YOUR TASK — Exactly reproduce the lines from the one containing "Louis Vuitton Neverfull PM Monogram" through the last line of the data, both ends included, leaving out pictures.

STORED DATA —
---------------

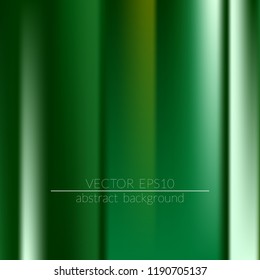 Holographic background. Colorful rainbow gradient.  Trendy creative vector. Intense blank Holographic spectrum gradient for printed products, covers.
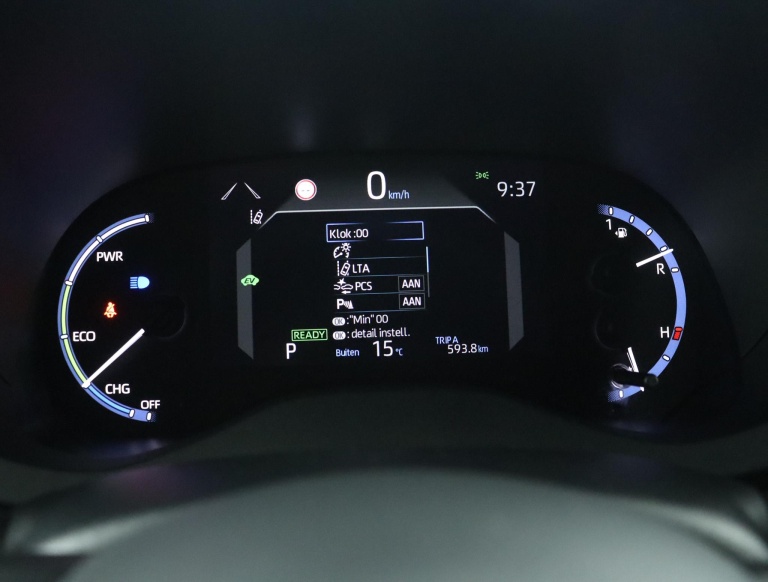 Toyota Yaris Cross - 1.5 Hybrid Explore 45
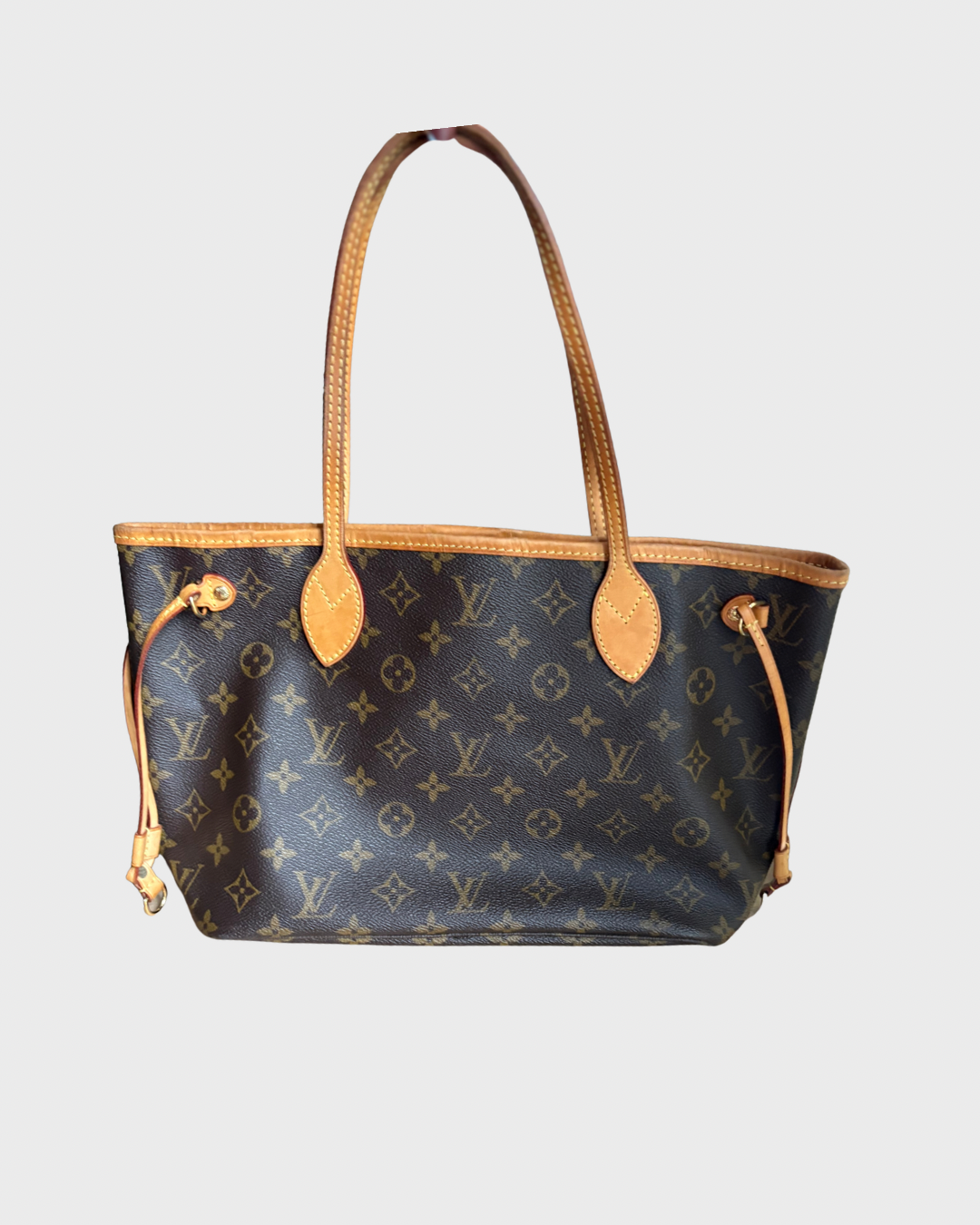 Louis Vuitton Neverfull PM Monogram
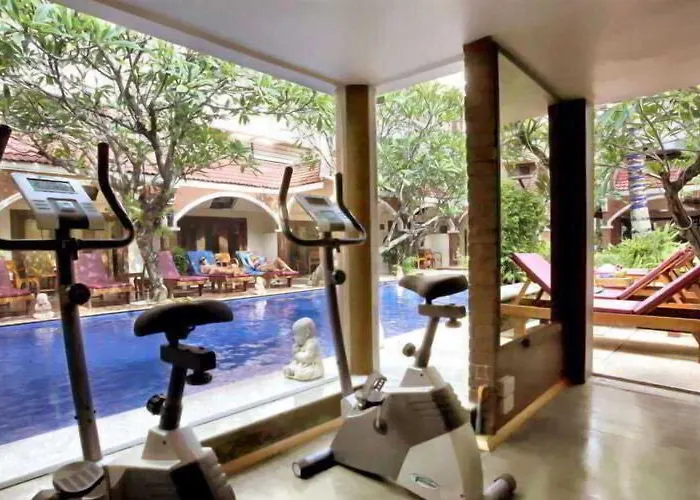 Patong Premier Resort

---------------

WRITTEN RESPONSE —
 Louis Vuitton Neverfull PM Monogram
 Patong Premier Resort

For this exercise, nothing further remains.